If you have issues with logging in, please email the support email alias of hpc-request 'at' cbio.mskcc.org.
While the head node is available to run short, non-memory-intensive tasks (e.g. editor sessions, archival, compilation, etc.), longer-running jobs or jobs that require more resources should be run on the nodes through the batch queue system (either in batch or interactive mode)---see below.
PLEASE DO NOT RUN MEMORY OR CPU INTENSIVE JOBS ON THE HEAD NODE. Use interactive logins to the compute nodes (see below) for this purpose.
Shell processes on the head node are currently restricted to 10 hours of runtime and 4GB of RAM.
The batch queue system now uses the Torque resource manager with the Moab HPC suite from Adaptive Computing. The old slurm system is no longer in use.

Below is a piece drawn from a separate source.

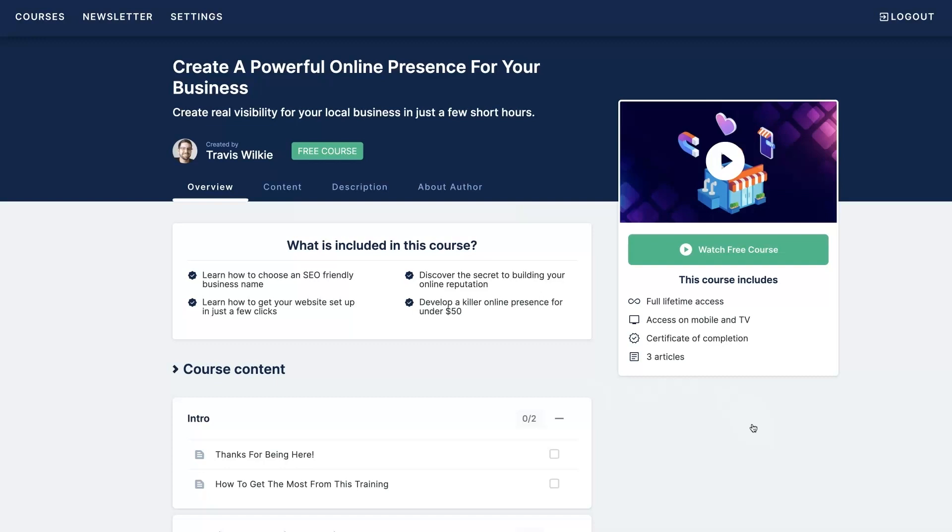If you're interested, I'll leave a link below where you can get signed up today. Make sure to check this course out for free right now because I'm probably going to start charging for this at some point in the future. All right, I'll see you on the other side.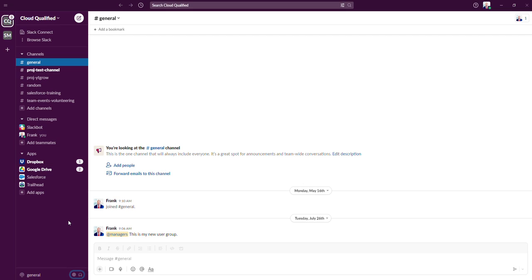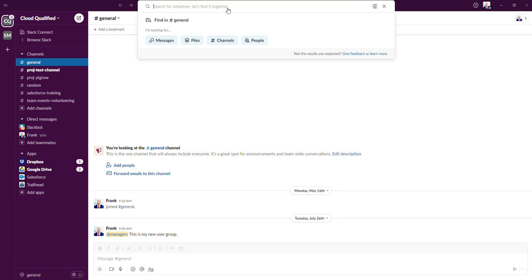Another channel feature I want to highlight is the search feature at the top here. As you work in channels, your conversations and files become a searchable archive that gets more useful over time. You can find answers, get context, and make better decisions without having to chase down the people or information.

Example single CPU job with 24-hour time limit:
#!/bin/tcsh
# Batch script for single thread CPU job.
#
# walltime : maximum wall clock time (hh:mm:ss)
#PBS -l walltime=24:00:00
#
# join stdout and stderr
#PBS -j oe
#
# spool output immediately
#PBS -k oe
#
# specify queue
#PBS -q batch
#
# nodes: number of nodes
# ppn: number of processes per node
#PBS -l nodes=1:ppn=1
#
# export all my environment variables to the job
#PBS -V
#
# job name (default = name of script file)
#PBS -N myjob
#
# mail settings (one or more characters)
# email is sent to local user, unless another email address is specified with PBS -M option
# n: do not send mail
# a: send mail if job is aborted
# b: send mail when job begins execution
# e: send mail when job terminates
#PBS -m n
#
# filename for standard output (default = <job_name>.o<job_id>)
# at end of job, it is in directory from which qsub was executed
# remove extra ## from the line below if you want to name your own file
##PBS -o myoutput
# Change to working directory used for job submission
cd $PBS_O_WORKDIR
# Launch my program.
./myprog
Example 6-process MPI job on a single node with 12-hour time limit:
#!/bin/tcsh
# Batch script for 6-process MPI CPU job.
#
# walltime : maximum wall clock time (hh:mm:ss)
#PBS -l walltime=12:00:00
#
# join stdout and stderr
#PBS -j oe
#
# spool output immediately
#PBS -k oe
#
# specify queue
#PBS -q batch
#
# nodes: number of nodes
# ppn: number of processes per node
#PBS -l nodes=1:ppn=6
#
# export all my environment variables to the job
#PBS -V
#
# job name (default = name of script file)
#PBS -N myjob
#
# mail settings (one or more characters)
# email is sent to local user, unless another email address is specified with PBS -M option
# n: do not send mail
# a: send mail if job is aborted
# b: send mail when job begins execution
# e: send mail when job terminates
#PBS -m n
#
# filename for standard output (default = <job_name>.o<job_id>)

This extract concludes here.